[[ MATERIALS PROVIDED, beginning ]]

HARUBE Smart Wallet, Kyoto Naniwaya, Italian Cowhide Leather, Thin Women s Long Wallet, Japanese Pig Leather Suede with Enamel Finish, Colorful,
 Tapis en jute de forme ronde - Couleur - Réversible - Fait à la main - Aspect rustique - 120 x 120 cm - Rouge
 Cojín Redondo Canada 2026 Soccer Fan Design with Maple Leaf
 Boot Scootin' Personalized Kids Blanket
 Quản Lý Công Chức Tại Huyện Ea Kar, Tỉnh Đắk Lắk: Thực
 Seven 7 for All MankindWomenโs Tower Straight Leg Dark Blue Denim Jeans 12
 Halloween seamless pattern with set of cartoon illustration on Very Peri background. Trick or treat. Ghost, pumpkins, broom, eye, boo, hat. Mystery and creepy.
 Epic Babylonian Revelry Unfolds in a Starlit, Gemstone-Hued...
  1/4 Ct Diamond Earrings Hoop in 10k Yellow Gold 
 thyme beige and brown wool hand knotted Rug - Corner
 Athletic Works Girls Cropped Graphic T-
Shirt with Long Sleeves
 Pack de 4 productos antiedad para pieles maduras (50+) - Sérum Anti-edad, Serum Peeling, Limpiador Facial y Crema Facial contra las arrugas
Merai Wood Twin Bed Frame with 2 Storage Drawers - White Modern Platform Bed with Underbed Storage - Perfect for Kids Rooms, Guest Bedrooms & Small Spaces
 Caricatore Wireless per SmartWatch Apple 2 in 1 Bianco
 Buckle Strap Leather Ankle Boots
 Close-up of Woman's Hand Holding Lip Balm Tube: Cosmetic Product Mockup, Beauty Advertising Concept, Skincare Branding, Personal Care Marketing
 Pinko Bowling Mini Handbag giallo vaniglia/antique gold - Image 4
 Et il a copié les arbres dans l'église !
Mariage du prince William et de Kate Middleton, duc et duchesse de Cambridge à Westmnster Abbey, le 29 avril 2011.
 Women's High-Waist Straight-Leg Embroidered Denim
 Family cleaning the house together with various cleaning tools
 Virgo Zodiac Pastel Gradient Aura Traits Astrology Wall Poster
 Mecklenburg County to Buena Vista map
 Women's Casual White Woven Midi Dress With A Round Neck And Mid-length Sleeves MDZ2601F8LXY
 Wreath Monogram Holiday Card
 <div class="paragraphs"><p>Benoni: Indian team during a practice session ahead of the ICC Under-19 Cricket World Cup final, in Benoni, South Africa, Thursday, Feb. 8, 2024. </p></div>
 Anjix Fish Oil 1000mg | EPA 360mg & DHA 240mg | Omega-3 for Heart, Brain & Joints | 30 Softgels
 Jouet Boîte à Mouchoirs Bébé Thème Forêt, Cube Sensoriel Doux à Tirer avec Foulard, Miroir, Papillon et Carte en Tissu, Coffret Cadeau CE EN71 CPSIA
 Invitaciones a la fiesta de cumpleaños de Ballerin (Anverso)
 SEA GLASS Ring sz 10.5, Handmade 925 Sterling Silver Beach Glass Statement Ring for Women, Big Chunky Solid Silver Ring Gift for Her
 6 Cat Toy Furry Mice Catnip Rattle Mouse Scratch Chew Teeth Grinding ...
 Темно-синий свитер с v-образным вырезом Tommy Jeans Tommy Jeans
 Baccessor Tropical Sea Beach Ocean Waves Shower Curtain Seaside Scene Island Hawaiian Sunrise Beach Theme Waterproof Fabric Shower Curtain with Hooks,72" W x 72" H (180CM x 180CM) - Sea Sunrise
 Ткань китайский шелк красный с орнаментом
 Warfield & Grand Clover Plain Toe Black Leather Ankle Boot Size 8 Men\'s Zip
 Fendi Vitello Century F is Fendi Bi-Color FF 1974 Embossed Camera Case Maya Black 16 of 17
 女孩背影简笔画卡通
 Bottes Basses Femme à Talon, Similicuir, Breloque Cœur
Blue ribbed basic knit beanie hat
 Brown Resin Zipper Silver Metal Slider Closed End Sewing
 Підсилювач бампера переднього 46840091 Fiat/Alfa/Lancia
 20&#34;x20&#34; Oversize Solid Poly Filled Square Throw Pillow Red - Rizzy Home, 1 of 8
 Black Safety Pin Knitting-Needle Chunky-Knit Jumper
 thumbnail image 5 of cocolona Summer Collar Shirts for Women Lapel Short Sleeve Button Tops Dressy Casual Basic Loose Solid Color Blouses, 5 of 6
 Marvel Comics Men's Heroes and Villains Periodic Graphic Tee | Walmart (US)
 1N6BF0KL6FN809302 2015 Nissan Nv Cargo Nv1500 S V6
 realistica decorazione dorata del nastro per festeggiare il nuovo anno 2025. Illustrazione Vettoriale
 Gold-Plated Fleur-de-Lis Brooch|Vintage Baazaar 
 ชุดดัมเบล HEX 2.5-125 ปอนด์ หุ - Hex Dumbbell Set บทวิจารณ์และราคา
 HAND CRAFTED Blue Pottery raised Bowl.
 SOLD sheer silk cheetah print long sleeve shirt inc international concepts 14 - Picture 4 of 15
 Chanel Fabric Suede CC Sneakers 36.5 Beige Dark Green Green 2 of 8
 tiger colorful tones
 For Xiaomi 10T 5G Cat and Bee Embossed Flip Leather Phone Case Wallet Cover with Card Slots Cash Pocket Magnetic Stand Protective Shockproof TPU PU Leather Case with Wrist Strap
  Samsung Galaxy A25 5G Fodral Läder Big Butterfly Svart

[[ MATERIALS PROVIDED, end ]]

Reproduce, exactly, all the lines shown above.

### FINAL ANSWER
HARUBE Smart Wallet, Kyoto Naniwaya, Italian Cowhide Leather, Thin Women s Long Wallet, Japanese Pig Leather Suede with Enamel Finish, Colorful,
 Tapis en jute de forme ronde - Couleur - Réversible - Fait à la main - Aspect rustique - 120 x 120 cm - Rouge
 Cojín Redondo Canada 2026 Soccer Fan Design with Maple Leaf
 Boot Scootin' Personalized Kids Blanket
 Quản Lý Công Chức Tại Huyện Ea Kar, Tỉnh Đắk Lắk: Thực
 Seven 7 for All MankindWomenโs Tower Straight Leg Dark Blue Denim Jeans 12
 Halloween seamless pattern with set of cartoon illustration on Very Peri background. Trick or treat. Ghost, pumpkins, broom, eye, boo, hat. Mystery and creepy.
 Epic Babylonian Revelry Unfolds in a Starlit, Gemstone-Hued...
  1/4 Ct Diamond Earrings Hoop in 10k Yellow Gold 
 thyme beige and brown wool hand knotted Rug - Corner
 Athletic Works Girls Cropped Graphic T-
Shirt with Long Sleeves
 Pack de 4 productos antiedad para pieles maduras (50+) - Sérum Anti-edad, Serum Peeling, Limpiador Facial y Crema Facial contra las arrugas
Merai Wood Twin Bed Frame with 2 Storage Drawers - White Modern Platform Bed with Underbed Storage - Perfect for Kids Rooms, Guest Bedrooms & Small Spaces
 Caricatore Wireless per SmartWatch Apple 2 in 1 Bianco
 Buckle Strap Leather Ankle Boots
 Close-up of Woman's Hand Holding Lip Balm Tube: Cosmetic Product Mockup, Beauty Advertising Concept, Skincare Branding, Personal Care Marketing
 Pinko Bowling Mini Handbag giallo vaniglia/antique gold - Image 4
 Et il a copié les arbres dans l'église !
Mariage du prince William et de Kate Middleton, duc et duchesse de Cambridge à Westmnster Abbey, le 29 avril 2011.
 Women's High-Waist Straight-Leg Embroidered Denim
 Family cleaning the house together with various cleaning tools
 Virgo Zodiac Pastel Gradient Aura Traits Astrology Wall Poster
 Mecklenburg County to Buena Vista map
 Women's Casual White Woven Midi Dress With A Round Neck And Mid-length Sleeves MDZ2601F8LXY
 Wreath Monogram Holiday Card
 <div class="paragraphs"><p>Benoni: Indian team during a practice session ahead of the ICC Under-19 Cricket World Cup final, in Benoni, South Africa, Thursday, Feb. 8, 2024. </p></div>
 Anjix Fish Oil 1000mg | EPA 360mg & DHA 240mg | Omega-3 for Heart, Brain & Joints | 30 Softgels
 Jouet Boîte à Mouchoirs Bébé Thème Forêt, Cube Sensoriel Doux à Tirer avec Foulard, Miroir, Papillon et Carte en Tissu, Coffret Cadeau CE EN71 CPSIA
 Invitaciones a la fiesta de cumpleaños de Ballerin (Anverso)
 SEA GLASS Ring sz 10.5, Handmade 925 Sterling Silver Beach Glass Statement Ring for Women, Big Chunky Solid Silver Ring Gift for Her
 6 Cat Toy Furry Mice Catnip Rattle Mouse Scratch Chew Teeth Grinding ...
 Темно-синий свитер с v-образным вырезом Tommy Jeans Tommy Jeans
 Baccessor Tropical Sea Beach Ocean Waves Shower Curtain Seaside Scene Island Hawaiian Sunrise Beach Theme Waterproof Fabric Shower Curtain with Hooks,72" W x 72" H (180CM x 180CM) - Sea Sunrise
 Ткань китайский шелк красный с орнаментом
 Warfield & Grand Clover Plain Toe Black Leather Ankle Boot Size 8 Men\'s Zip
 Fendi Vitello Century F is Fendi Bi-Color FF 1974 Embossed Camera Case Maya Black 16 of 17
 女孩背影简笔画卡通
 Bottes Basses Femme à Talon, Similicuir, Breloque Cœur
Blue ribbed basic knit beanie hat
 Brown Resin Zipper Silver Metal Slider Closed End Sewing
 Підсилювач бампера переднього 46840091 Fiat/Alfa/Lancia
 20&#34;x20&#34; Oversize Solid Poly Filled Square Throw Pillow Red - Rizzy Home, 1 of 8
 Black Safety Pin Knitting-Needle Chunky-Knit Jumper
 thumbnail image 5 of cocolona Summer Collar Shirts for Women Lapel Short Sleeve Button Tops Dressy Casual Basic Loose Solid Color Blouses, 5 of 6
 Marvel Comics Men's Heroes and Villains Periodic Graphic Tee | Walmart (US)
 1N6BF0KL6FN809302 2015 Nissan Nv Cargo Nv1500 S V6
 realistica decorazione dorata del nastro per festeggiare il nuovo anno 2025. Illustrazione Vettoriale
 Gold-Plated Fleur-de-Lis Brooch|Vintage Baazaar 
 ชุดดัมเบล HEX 2.5-125 ปอนด์ หุ - Hex Dumbbell Set บทวิจารณ์และราคา
 HAND CRAFTED Blue Pottery raised Bowl.
 SOLD sheer silk cheetah print long sleeve shirt inc international concepts 14 - Picture 4 of 15
 Chanel Fabric Suede CC Sneakers 36.5 Beige Dark Green Green 2 of 8
 tiger colorful tones
 For Xiaomi 10T 5G Cat and Bee Embossed Flip Leather Phone Case Wallet Cover with Card Slots Cash Pocket Magnetic Stand Protective Shockproof TPU PU Leather Case with Wrist Strap
  Samsung Galaxy A25 5G Fodral Läder Big Butterfly Svart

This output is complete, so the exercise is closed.